EXERCISE GOAL =>
A faithful retyping of every entry below is wanted, with images left out.

EXERCISE INPUT =>
————————
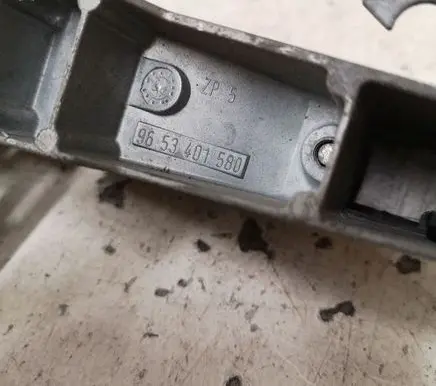 Peugeot 407 Front door exterior handle 9653401580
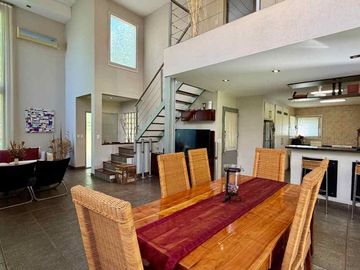 CASA EN VENTA 4 AMB SANTA MARIA DE LOS OLIVOS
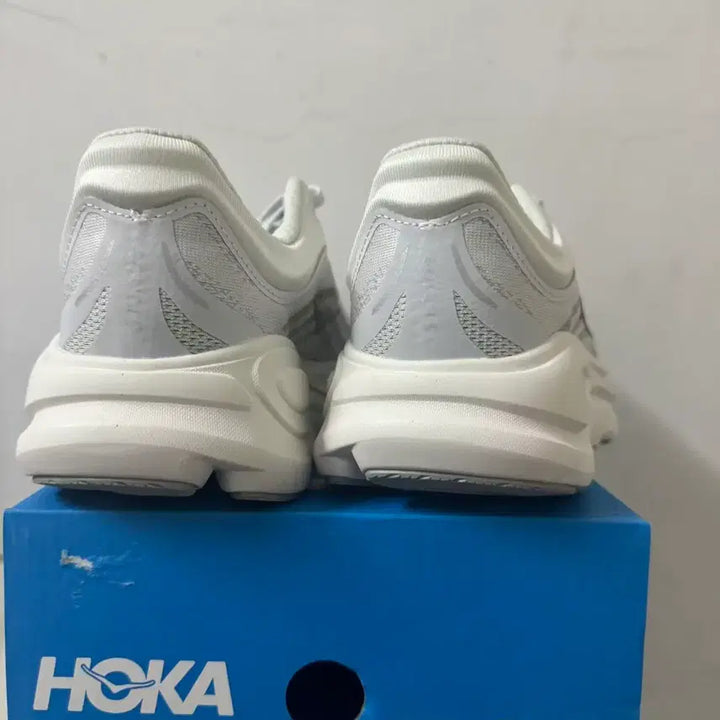 [BUNJANG] Hoka Bondi 9 Stardust Silver Wide Running Shoes / 호카 본디 9 스타더스트 실버 - 와이드 235mm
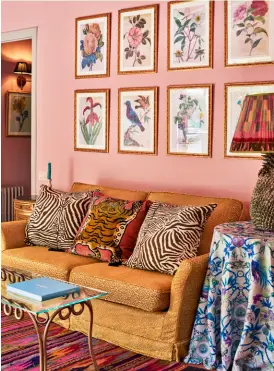  ??  ?? MATTHEW WILLIAMSON’S ARTISTIC FLAIR SHOWS IN A COLOURFUL INTERIOR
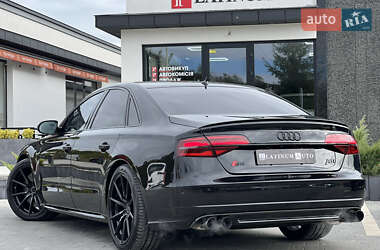 Седан Audi S8 2017 в 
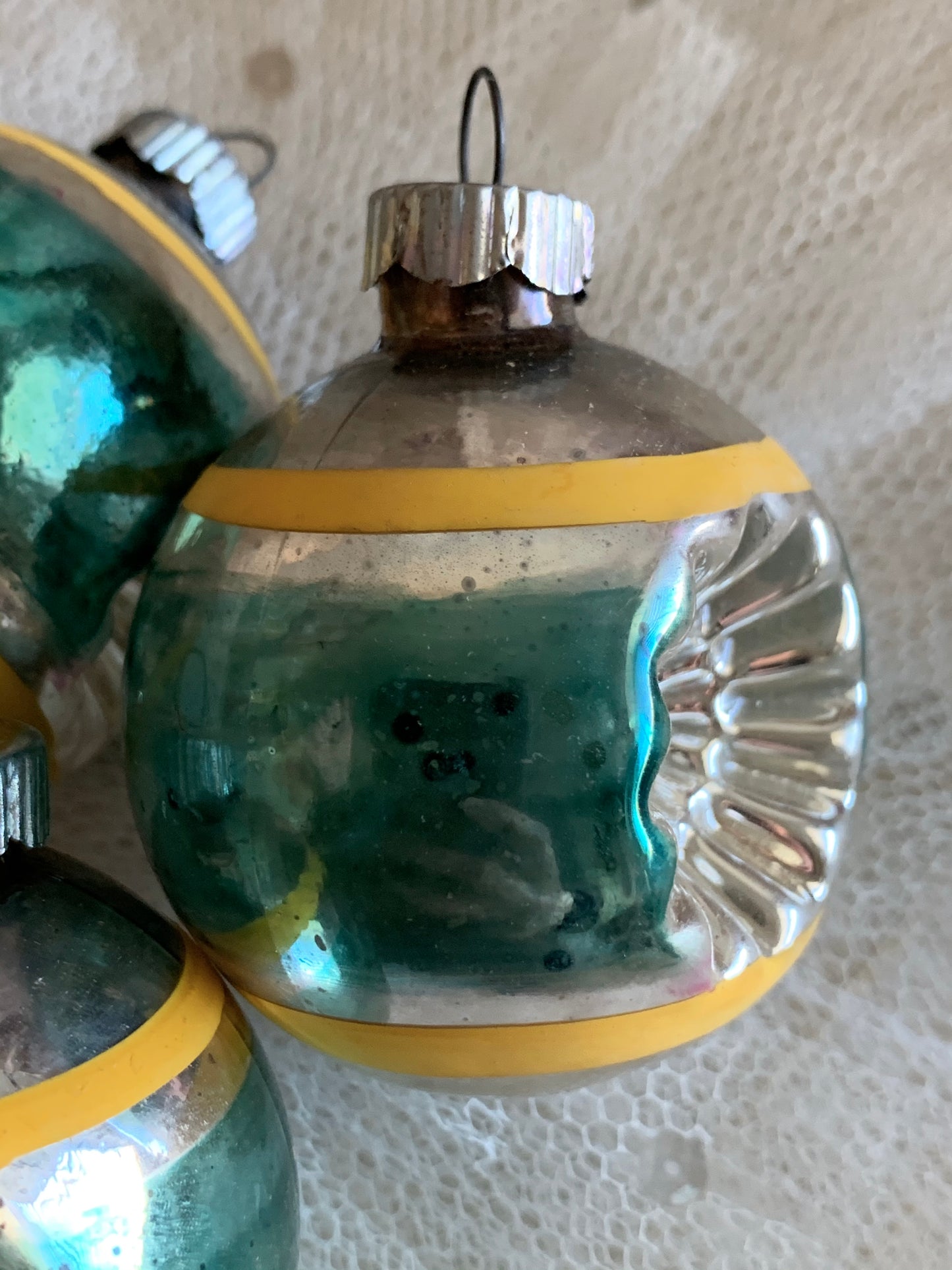 Vintage set Shiny Brite indent ornaments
————————
REPLY TO THE TASK =>
 Peugeot 407 Front door exterior handle 9653401580
 CASA EN VENTA 4 AMB SANTA MARIA DE LOS OLIVOS
 [BUNJANG] Hoka Bondi 9 Stardust Silver Wide Running Shoes / 호카 본디 9 스타더스트 실버 - 와이드 235mm
  ??  ?? MATTHEW WILLIAMSON’S ARTISTIC FLAIR SHOWS IN A COLOURFUL INTERIOR
 Седан Audi S8 2017 в 
 Vintage set Shiny Brite indent ornaments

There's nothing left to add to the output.